[Source material Boundary: Start]
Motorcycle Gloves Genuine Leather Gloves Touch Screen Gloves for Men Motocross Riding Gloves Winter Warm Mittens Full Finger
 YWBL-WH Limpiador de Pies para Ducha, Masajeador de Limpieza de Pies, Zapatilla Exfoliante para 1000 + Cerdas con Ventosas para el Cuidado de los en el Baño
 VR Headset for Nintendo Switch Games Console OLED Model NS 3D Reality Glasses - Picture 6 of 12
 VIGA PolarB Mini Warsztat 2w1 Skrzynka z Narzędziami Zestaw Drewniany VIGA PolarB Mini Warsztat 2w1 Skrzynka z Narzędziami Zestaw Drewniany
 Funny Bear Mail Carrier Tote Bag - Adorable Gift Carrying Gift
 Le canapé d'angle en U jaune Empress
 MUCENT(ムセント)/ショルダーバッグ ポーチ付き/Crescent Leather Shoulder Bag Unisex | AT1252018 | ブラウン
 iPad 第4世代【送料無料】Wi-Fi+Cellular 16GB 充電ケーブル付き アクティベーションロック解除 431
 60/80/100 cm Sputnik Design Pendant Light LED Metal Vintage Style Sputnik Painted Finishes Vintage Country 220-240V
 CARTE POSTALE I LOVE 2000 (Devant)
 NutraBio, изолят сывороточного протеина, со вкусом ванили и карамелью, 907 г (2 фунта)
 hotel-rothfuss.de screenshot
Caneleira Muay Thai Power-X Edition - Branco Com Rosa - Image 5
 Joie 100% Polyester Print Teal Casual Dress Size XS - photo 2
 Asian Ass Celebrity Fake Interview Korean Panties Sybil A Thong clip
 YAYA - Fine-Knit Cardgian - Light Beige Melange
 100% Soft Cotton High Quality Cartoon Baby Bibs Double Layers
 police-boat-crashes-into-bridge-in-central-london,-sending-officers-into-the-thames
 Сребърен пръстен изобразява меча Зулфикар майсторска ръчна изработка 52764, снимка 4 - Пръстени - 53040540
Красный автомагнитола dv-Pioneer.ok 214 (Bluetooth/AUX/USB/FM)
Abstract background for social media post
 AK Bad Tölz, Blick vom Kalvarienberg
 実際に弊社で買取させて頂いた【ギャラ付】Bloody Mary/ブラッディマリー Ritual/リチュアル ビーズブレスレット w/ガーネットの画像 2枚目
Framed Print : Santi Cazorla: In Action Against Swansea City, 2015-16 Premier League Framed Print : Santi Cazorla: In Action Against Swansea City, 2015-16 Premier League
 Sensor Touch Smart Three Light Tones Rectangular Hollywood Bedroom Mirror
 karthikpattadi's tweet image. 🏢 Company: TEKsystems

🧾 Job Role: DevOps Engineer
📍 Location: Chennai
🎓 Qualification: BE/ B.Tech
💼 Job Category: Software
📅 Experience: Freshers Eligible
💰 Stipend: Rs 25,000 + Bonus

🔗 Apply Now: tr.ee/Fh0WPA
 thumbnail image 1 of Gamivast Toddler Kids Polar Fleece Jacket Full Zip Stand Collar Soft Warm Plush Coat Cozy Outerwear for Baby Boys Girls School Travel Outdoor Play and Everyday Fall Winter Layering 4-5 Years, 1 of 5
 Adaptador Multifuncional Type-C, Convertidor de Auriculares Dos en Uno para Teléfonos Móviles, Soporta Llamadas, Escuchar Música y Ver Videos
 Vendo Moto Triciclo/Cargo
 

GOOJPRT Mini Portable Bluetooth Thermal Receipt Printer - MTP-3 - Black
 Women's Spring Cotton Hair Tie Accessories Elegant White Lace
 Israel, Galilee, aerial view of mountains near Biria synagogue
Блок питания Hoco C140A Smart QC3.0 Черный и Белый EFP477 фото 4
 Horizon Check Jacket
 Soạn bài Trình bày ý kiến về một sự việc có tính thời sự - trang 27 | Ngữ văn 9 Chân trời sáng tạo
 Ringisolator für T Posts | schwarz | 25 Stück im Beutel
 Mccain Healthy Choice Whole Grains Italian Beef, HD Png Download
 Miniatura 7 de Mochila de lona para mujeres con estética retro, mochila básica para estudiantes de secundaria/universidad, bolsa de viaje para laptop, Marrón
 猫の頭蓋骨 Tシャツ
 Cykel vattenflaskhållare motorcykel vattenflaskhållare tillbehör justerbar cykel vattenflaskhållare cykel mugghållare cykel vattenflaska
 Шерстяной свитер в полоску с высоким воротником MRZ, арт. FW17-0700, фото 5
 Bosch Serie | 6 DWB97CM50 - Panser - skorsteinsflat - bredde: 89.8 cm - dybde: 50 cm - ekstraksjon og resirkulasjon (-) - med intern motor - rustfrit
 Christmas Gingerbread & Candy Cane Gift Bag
[Source material Boundary: End]
Task goal —
All that is wanted is a faithful reproduction of the line above with "CARTE POSTALE I LOVE 2000 (Devant)", the line with "Mccain Healthy Choice", and every line in between.

Reply to the task —
 CARTE POSTALE I LOVE 2000 (Devant)
 NutraBio, изолят сывороточного протеина, со вкусом ванили и карамелью, 907 г (2 фунта)
 hotel-rothfuss.de screenshot
Caneleira Muay Thai Power-X Edition - Branco Com Rosa - Image 5
 Joie 100% Polyester Print Teal Casual Dress Size XS - photo 2
 Asian Ass Celebrity Fake Interview Korean Panties Sybil A Thong clip
 YAYA - Fine-Knit Cardgian - Light Beige Melange
 100% Soft Cotton High Quality Cartoon Baby Bibs Double Layers
 police-boat-crashes-into-bridge-in-central-london,-sending-officers-into-the-thames
 Сребърен пръстен изобразява меча Зулфикар майсторска ръчна изработка 52764, снимка 4 - Пръстени - 53040540
Красный автомагнитола dv-Pioneer.ok 214 (Bluetooth/AUX/USB/FM)
Abstract background for social media post
 AK Bad Tölz, Blick vom Kalvarienberg
 実際に弊社で買取させて頂いた【ギャラ付】Bloody Mary/ブラッディマリー Ritual/リチュアル ビーズブレスレット w/ガーネットの画像 2枚目
Framed Print : Santi Cazorla: In Action Against Swansea City, 2015-16 Premier League Framed Print : Santi Cazorla: In Action Against Swansea City, 2015-16 Premier League
 Sensor Touch Smart Three Light Tones Rectangular Hollywood Bedroom Mirror
 karthikpattadi's tweet image. 🏢 Company: TEKsystems

🧾 Job Role: DevOps Engineer
📍 Location: Chennai
🎓 Qualification: BE/ B.Tech
💼 Job Category: Software
📅 Experience: Freshers Eligible
💰 Stipend: Rs 25,000 + Bonus

🔗 Apply Now: tr.ee/Fh0WPA
 thumbnail image 1 of Gamivast Toddler Kids Polar Fleece Jacket Full Zip Stand Collar Soft Warm Plush Coat Cozy Outerwear for Baby Boys Girls School Travel Outdoor Play and Everyday Fall Winter Layering 4-5 Years, 1 of 5
 Adaptador Multifuncional Type-C, Convertidor de Auriculares Dos en Uno para Teléfonos Móviles, Soporta Llamadas, Escuchar Música y Ver Videos
 Vendo Moto Triciclo/Cargo
 

GOOJPRT Mini Portable Bluetooth Thermal Receipt Printer - MTP-3 - Black
 Women's Spring Cotton Hair Tie Accessories Elegant White Lace
 Israel, Galilee, aerial view of mountains near Biria synagogue
Блок питания Hoco C140A Smart QC3.0 Черный и Белый EFP477 фото 4
 Horizon Check Jacket
 Soạn bài Trình bày ý kiến về một sự việc có tính thời sự - trang 27 | Ngữ văn 9 Chân trời sáng tạo
 Ringisolator für T Posts | schwarz | 25 Stück im Beutel
 Mccain Healthy Choice Whole Grains Italian Beef, HD Png Download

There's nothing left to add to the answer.